___ Records provided
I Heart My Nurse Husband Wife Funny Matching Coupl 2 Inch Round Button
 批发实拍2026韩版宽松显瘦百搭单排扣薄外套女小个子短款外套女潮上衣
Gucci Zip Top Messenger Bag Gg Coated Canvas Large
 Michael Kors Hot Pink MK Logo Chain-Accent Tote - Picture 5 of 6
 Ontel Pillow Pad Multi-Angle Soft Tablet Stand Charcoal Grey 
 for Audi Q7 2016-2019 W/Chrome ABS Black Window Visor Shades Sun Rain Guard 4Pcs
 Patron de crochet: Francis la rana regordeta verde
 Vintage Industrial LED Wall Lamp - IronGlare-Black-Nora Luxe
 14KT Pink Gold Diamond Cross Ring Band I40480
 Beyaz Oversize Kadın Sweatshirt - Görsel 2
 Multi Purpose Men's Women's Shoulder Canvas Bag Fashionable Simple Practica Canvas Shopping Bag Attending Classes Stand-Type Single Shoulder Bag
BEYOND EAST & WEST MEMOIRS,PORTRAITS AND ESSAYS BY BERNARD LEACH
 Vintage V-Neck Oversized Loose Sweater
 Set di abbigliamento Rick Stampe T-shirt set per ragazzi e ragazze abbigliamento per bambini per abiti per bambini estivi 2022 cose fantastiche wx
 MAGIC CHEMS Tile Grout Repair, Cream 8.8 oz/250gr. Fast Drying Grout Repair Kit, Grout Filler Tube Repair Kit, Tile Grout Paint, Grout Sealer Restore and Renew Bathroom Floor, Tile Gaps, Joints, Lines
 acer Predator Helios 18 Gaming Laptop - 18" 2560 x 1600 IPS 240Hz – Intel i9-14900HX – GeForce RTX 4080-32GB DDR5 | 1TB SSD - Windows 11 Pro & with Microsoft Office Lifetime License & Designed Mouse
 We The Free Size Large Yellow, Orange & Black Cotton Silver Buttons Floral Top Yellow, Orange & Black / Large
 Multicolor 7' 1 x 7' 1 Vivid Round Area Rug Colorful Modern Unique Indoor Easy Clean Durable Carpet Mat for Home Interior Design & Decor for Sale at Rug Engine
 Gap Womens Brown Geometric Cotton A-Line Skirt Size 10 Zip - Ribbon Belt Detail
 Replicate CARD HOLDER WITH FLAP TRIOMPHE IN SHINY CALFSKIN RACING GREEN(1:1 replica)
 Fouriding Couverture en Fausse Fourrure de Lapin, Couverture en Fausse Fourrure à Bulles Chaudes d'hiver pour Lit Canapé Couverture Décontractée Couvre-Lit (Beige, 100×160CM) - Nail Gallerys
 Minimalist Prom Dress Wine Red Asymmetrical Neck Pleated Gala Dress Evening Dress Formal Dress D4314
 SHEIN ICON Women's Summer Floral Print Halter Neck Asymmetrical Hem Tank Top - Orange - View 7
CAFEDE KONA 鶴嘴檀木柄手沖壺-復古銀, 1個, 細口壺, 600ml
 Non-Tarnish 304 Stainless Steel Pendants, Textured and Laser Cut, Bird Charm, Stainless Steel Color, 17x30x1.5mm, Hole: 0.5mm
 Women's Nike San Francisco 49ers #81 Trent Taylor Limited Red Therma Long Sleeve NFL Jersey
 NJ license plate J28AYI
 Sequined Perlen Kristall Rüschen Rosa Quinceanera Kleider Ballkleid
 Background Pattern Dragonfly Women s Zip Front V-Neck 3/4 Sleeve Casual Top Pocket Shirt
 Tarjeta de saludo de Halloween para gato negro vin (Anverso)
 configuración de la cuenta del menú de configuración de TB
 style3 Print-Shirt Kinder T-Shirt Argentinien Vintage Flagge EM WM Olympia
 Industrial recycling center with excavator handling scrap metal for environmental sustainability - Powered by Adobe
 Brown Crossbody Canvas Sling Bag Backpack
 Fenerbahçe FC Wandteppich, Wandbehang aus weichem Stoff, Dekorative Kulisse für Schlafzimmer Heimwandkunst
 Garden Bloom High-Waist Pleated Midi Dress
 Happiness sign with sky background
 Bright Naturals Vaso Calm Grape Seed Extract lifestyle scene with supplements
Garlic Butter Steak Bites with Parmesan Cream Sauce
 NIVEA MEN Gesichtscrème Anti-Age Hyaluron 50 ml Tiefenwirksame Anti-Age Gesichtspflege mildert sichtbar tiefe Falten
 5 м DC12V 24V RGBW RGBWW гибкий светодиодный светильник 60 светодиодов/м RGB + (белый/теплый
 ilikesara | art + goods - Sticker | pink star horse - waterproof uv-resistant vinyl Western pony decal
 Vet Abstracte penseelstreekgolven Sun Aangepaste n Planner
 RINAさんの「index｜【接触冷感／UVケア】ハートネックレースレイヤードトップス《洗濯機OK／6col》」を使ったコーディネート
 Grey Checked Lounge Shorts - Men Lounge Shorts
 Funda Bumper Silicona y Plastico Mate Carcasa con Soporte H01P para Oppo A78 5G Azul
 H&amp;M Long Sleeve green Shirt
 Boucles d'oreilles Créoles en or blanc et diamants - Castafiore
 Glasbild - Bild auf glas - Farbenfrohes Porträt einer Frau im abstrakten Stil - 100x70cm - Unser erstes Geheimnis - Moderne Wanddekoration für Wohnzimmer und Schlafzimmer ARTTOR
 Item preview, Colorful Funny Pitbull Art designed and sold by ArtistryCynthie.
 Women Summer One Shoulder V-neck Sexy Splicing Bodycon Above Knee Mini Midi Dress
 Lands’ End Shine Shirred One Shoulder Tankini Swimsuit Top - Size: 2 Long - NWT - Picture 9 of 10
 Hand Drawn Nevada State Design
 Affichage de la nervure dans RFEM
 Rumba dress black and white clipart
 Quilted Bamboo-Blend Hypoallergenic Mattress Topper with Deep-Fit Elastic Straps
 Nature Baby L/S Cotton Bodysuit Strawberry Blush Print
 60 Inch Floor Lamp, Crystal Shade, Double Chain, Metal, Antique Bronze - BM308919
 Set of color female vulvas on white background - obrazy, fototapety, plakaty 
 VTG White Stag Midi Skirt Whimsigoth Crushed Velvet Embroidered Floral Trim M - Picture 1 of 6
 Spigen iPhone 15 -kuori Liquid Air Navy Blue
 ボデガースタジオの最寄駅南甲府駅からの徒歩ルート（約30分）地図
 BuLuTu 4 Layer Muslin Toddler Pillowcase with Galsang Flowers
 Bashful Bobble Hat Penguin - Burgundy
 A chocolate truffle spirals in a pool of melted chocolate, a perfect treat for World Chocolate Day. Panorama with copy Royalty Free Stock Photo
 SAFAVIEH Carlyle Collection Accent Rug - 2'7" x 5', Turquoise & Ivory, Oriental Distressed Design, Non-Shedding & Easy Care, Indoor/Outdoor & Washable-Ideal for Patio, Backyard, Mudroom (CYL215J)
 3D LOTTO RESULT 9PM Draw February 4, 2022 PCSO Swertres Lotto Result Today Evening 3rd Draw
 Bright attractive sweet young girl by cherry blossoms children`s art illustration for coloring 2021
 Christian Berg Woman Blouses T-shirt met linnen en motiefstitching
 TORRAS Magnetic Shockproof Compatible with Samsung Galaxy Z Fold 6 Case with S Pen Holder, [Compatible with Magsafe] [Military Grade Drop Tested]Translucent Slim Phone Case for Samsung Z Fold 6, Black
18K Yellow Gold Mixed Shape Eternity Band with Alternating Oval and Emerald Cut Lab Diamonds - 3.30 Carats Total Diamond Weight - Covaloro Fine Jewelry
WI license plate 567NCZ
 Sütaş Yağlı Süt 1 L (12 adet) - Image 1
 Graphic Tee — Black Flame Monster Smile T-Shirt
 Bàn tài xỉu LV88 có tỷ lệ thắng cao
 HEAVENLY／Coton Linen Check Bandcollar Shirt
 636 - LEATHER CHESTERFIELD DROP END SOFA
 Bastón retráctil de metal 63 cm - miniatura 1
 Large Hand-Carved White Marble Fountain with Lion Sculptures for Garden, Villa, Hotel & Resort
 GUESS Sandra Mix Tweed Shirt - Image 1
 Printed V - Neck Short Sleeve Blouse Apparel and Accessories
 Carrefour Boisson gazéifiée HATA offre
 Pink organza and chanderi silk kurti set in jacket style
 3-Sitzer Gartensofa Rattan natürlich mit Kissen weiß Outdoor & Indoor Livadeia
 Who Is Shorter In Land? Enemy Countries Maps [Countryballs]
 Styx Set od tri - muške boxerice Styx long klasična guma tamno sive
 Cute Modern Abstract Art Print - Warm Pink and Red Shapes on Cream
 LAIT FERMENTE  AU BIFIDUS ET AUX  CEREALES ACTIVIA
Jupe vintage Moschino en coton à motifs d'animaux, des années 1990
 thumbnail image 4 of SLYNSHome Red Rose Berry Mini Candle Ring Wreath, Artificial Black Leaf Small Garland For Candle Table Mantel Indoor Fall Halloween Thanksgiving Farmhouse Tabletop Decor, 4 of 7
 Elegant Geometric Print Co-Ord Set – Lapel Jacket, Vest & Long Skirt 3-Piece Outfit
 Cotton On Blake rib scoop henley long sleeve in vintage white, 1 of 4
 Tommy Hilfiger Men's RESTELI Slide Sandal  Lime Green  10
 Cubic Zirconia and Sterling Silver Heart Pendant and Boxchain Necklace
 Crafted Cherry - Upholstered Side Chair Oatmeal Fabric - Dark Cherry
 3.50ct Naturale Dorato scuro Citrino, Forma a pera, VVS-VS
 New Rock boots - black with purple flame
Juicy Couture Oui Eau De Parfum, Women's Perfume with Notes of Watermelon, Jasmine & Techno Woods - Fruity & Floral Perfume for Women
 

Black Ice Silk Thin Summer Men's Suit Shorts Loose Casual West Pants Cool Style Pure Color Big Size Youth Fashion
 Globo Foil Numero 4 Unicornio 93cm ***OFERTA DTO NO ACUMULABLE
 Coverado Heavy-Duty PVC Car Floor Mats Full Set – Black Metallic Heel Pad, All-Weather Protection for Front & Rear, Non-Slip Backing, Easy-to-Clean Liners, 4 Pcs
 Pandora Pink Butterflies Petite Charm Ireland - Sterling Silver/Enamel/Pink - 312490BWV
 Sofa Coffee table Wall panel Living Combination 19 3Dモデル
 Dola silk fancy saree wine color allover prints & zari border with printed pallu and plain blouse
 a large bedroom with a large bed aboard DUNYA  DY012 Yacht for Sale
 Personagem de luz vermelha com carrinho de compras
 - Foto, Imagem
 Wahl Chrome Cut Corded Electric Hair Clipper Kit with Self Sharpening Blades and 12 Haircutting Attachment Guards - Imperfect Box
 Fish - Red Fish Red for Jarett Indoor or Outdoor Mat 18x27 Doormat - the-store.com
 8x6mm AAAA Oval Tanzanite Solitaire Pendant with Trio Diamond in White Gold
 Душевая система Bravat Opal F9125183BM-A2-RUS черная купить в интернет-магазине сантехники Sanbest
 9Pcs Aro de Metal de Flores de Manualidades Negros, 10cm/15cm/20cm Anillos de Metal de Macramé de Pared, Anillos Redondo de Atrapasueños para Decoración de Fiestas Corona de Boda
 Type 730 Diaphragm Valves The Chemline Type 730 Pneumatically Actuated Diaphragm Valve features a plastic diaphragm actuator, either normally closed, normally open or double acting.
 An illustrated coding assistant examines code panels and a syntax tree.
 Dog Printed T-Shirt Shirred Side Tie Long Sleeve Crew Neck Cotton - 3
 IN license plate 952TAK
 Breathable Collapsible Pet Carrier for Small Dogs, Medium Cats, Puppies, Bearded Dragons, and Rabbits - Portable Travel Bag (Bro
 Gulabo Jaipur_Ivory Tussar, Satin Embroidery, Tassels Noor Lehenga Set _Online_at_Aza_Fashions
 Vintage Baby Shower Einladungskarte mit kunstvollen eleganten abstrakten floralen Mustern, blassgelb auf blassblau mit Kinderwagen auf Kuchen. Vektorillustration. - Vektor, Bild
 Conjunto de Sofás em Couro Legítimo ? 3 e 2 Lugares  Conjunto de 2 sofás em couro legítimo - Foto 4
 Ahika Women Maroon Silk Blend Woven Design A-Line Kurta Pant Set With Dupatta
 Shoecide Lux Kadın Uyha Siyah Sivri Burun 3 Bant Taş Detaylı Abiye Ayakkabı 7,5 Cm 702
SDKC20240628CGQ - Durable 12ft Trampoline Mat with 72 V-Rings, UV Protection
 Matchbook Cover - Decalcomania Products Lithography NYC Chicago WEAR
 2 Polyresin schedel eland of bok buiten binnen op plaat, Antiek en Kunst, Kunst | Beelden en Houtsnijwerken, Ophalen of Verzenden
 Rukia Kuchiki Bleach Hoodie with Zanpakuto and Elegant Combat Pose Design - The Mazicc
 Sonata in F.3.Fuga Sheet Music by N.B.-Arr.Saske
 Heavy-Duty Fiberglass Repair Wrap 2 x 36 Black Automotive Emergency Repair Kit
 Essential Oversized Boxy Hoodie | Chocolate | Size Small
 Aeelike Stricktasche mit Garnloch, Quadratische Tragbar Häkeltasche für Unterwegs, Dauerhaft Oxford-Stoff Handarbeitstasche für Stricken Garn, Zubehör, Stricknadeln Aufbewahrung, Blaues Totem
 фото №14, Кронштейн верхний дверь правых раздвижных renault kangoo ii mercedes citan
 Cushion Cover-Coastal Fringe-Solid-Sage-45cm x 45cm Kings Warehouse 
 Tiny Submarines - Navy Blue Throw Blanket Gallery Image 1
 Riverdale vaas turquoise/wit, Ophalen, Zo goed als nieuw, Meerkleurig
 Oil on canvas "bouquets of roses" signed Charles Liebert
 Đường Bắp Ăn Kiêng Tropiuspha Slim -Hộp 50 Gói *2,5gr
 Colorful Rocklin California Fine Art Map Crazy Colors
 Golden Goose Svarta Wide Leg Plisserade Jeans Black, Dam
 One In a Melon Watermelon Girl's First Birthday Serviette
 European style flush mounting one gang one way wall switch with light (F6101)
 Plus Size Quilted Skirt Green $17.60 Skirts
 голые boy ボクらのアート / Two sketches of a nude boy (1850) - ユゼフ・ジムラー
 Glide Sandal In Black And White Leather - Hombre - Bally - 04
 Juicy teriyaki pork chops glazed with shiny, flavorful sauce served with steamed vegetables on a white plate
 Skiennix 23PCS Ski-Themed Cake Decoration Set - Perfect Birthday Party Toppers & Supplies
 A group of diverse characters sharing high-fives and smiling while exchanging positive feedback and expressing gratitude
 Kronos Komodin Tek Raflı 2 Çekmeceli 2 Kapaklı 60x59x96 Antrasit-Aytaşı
______
__Work item__: Within the listing above, locate the line containing "TORRAS Magnetic Shockproof" and the line containing "Crafted Cherry - Upholstered". Reproduce those two lines and all lines between them exactly, with nothing added.

__Task solution__:
 TORRAS Magnetic Shockproof Compatible with Samsung Galaxy Z Fold 6 Case with S Pen Holder, [Compatible with Magsafe] [Military Grade Drop Tested]Translucent Slim Phone Case for Samsung Z Fold 6, Black
18K Yellow Gold Mixed Shape Eternity Band with Alternating Oval and Emerald Cut Lab Diamonds - 3.30 Carats Total Diamond Weight - Covaloro Fine Jewelry
WI license plate 567NCZ
 Sütaş Yağlı Süt 1 L (12 adet) - Image 1
 Graphic Tee — Black Flame Monster Smile T-Shirt
 Bàn tài xỉu LV88 có tỷ lệ thắng cao
 HEAVENLY／Coton Linen Check Bandcollar Shirt
 636 - LEATHER CHESTERFIELD DROP END SOFA
 Bastón retráctil de metal 63 cm - miniatura 1
 Large Hand-Carved White Marble Fountain with Lion Sculptures for Garden, Villa, Hotel & Resort
 GUESS Sandra Mix Tweed Shirt - Image 1
 Printed V - Neck Short Sleeve Blouse Apparel and Accessories
 Carrefour Boisson gazéifiée HATA offre
 Pink organza and chanderi silk kurti set in jacket style
 3-Sitzer Gartensofa Rattan natürlich mit Kissen weiß Outdoor & Indoor Livadeia
 Who Is Shorter In Land? Enemy Countries Maps [Countryballs]
 Styx Set od tri - muške boxerice Styx long klasična guma tamno sive
 Cute Modern Abstract Art Print - Warm Pink and Red Shapes on Cream
 LAIT FERMENTE  AU BIFIDUS ET AUX  CEREALES ACTIVIA
Jupe vintage Moschino en coton à motifs d'animaux, des années 1990
 thumbnail image 4 of SLYNSHome Red Rose Berry Mini Candle Ring Wreath, Artificial Black Leaf Small Garland For Candle Table Mantel Indoor Fall Halloween Thanksgiving Farmhouse Tabletop Decor, 4 of 7
 Elegant Geometric Print Co-Ord Set – Lapel Jacket, Vest & Long Skirt 3-Piece Outfit
 Cotton On Blake rib scoop henley long sleeve in vintage white, 1 of 4
 Tommy Hilfiger Men's RESTELI Slide Sandal  Lime Green  10
 Cubic Zirconia and Sterling Silver Heart Pendant and Boxchain Necklace
 Crafted Cherry - Upholstered Side Chair Oatmeal Fabric - Dark Cherry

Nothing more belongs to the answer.